_Exercise aim_. Reproduce the full listing below unchanged, apart from the pictures.

==============================

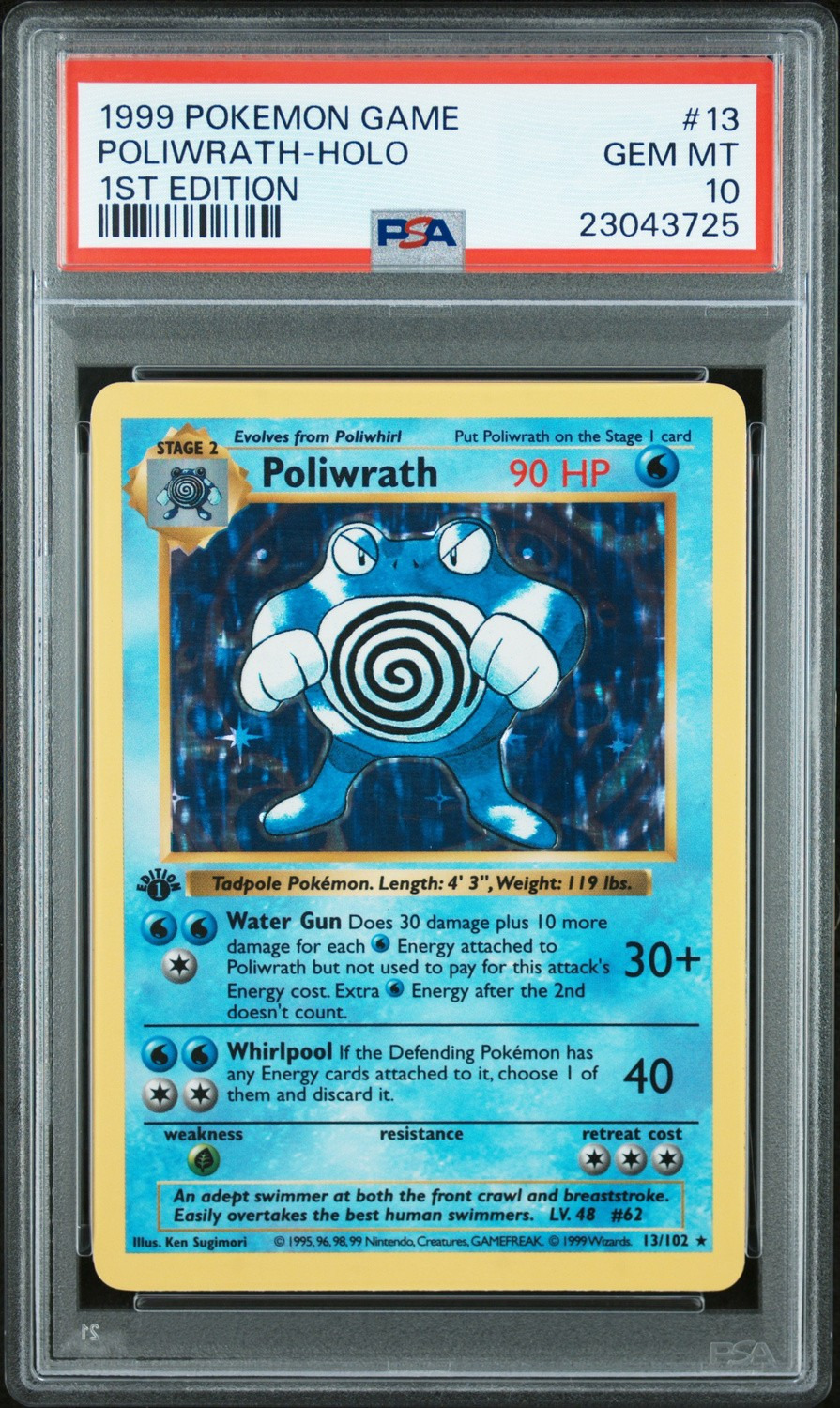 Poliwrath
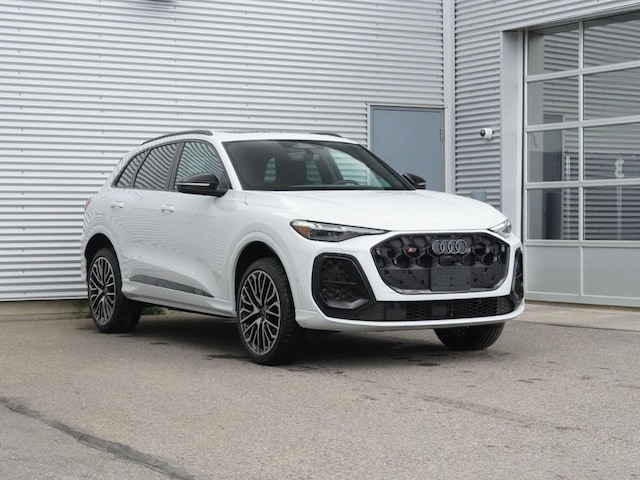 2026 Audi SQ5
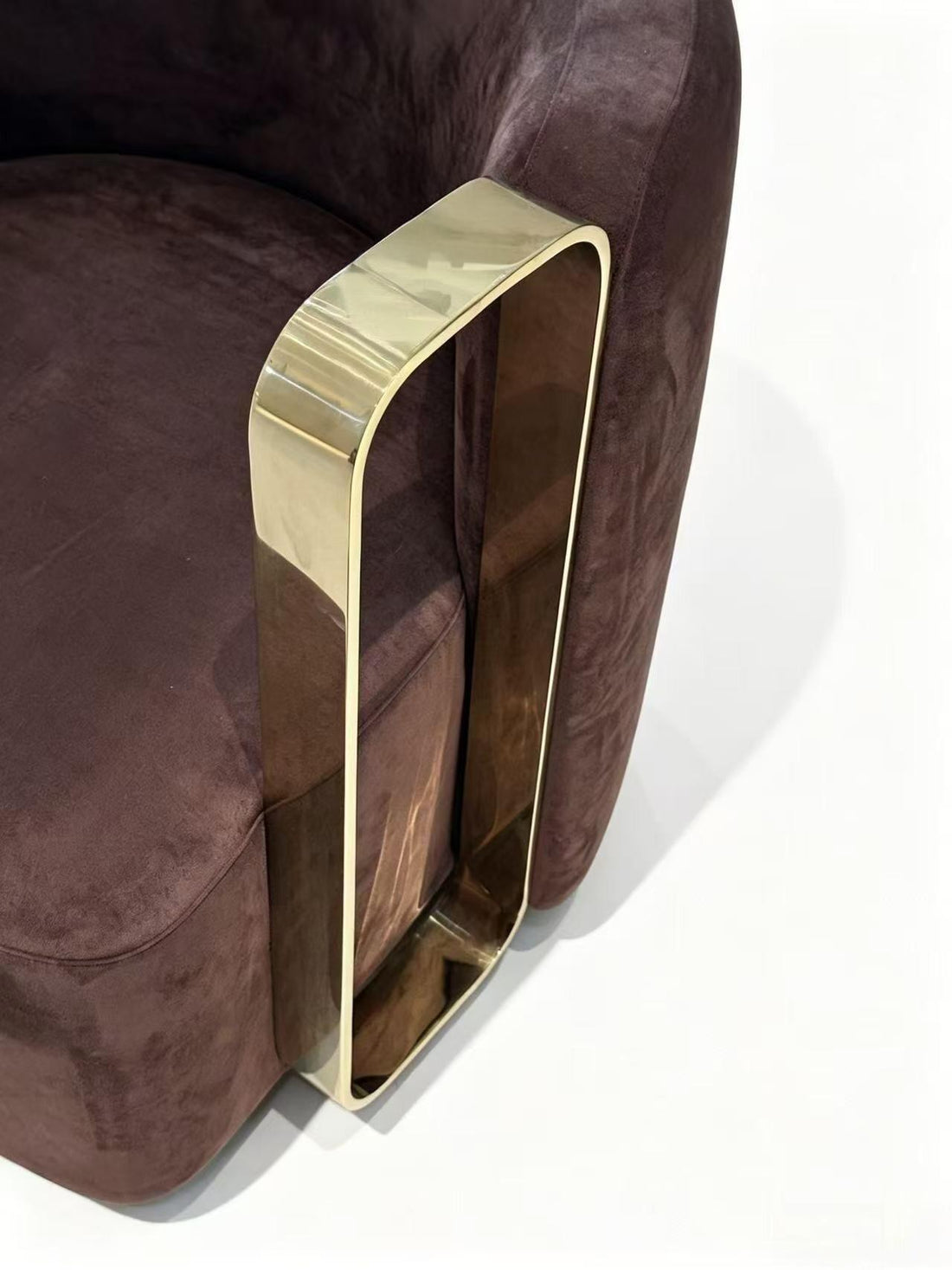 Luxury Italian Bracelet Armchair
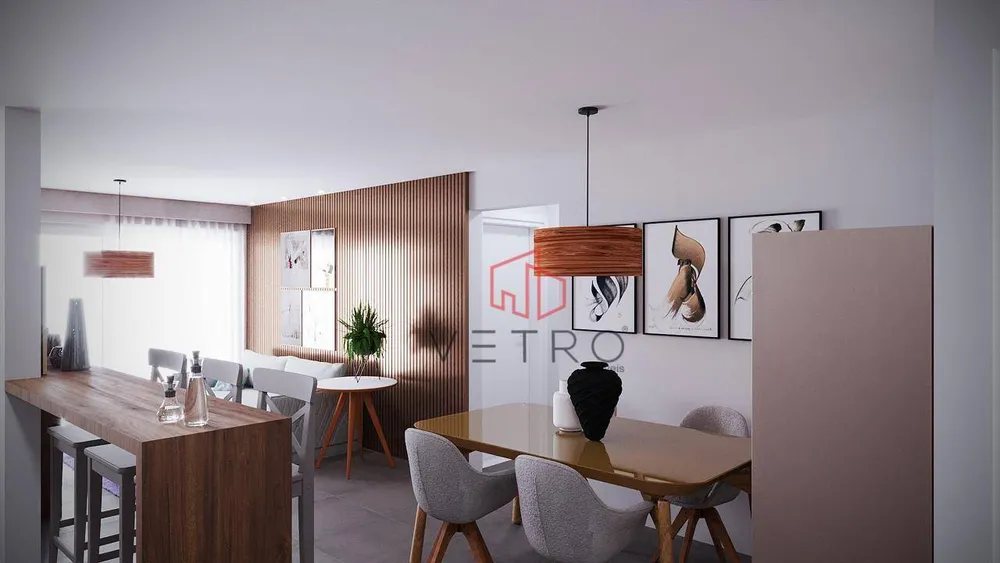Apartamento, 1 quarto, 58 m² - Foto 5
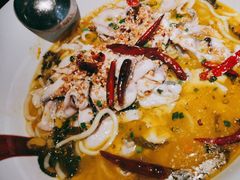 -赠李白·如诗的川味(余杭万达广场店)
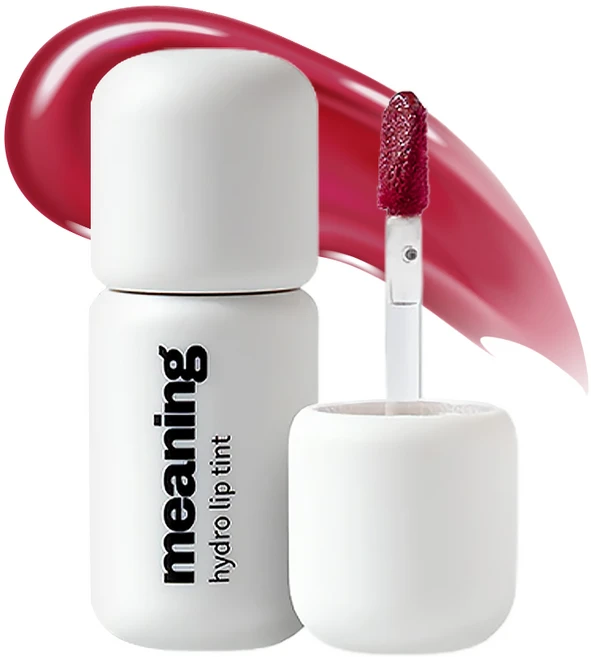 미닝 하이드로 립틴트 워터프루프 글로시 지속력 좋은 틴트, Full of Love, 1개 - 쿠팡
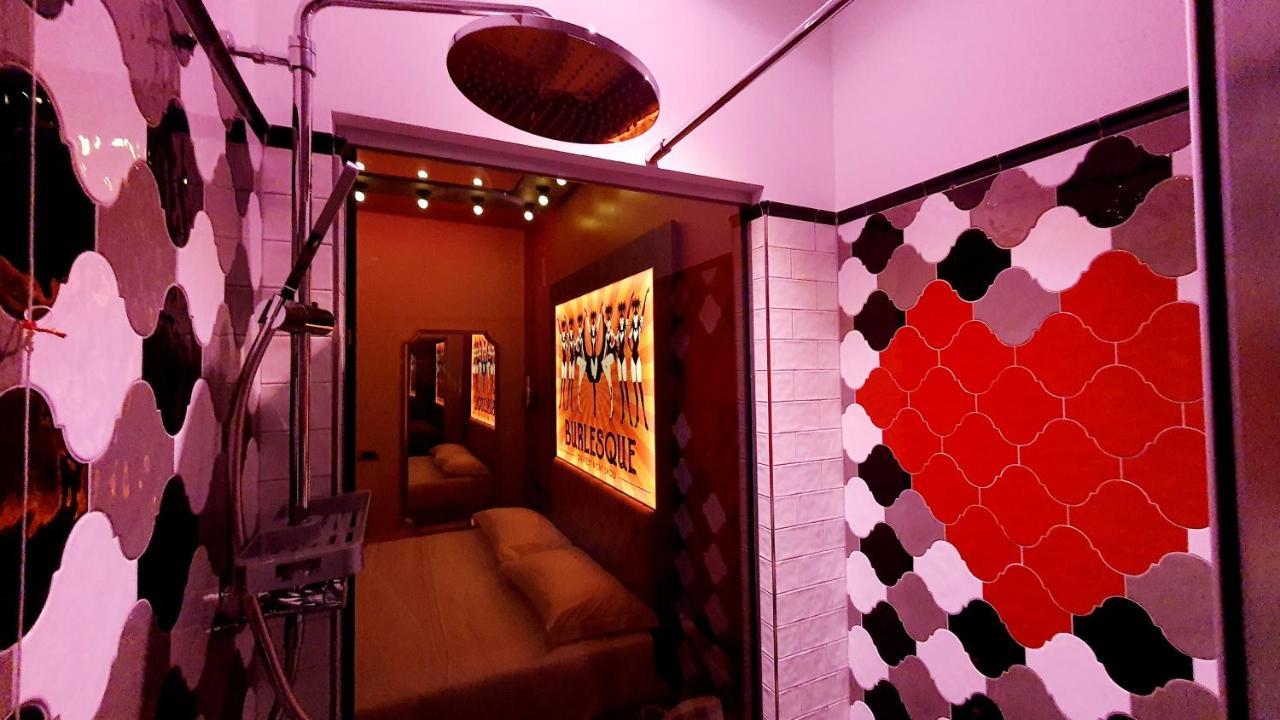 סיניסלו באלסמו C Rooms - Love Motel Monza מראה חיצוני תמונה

==============================

_Response to the task_.
 Poliwrath
 2026 Audi SQ5
 Luxury Italian Bracelet Armchair
Apartamento, 1 quarto, 58 m² - Foto 5
 -赠李白·如诗的川味(余杭万达广场店)
 미닝 하이드로 립틴트 워터프루프 글로시 지속력 좋은 틴트, Full of Love, 1개 - 쿠팡
 סיניסלו באלסמו C Rooms - Love Motel Monza מראה חיצוני תמונה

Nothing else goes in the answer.